Segment Open

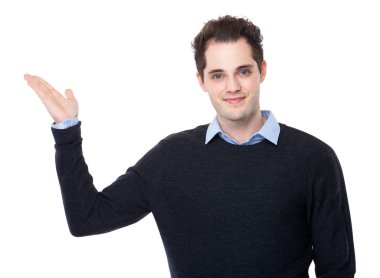 Açık el palm ile işadamı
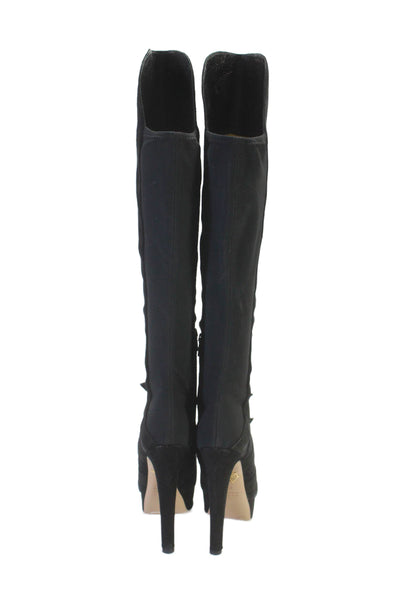 Charlotte Olympia Womens Leather Buckle Detail Pull On Knee High Boots Black Siz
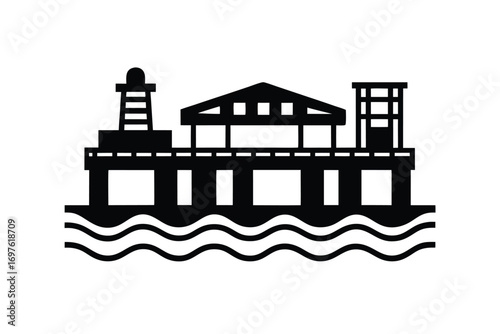Coastal engineering design elements on white background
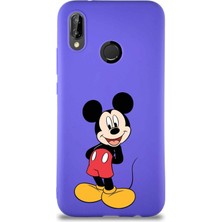 PrintiFy Huawei P20 Lite Soft Premier Kapak Mickey Mouse-B Tasarımlı Silikon Kılıf - Mor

Segment Closed

Omit any images, then output the listing exactly.

» **Expected output**:
 Açık el palm ile işadamı
 Charlotte Olympia Womens Leather Buckle Detail Pull On Knee High Boots Black Siz
Coastal engineering design elements on white background
 PrintiFy Huawei P20 Lite Soft Premier Kapak Mickey Mouse-B Tasarımlı Silikon Kılıf - Mor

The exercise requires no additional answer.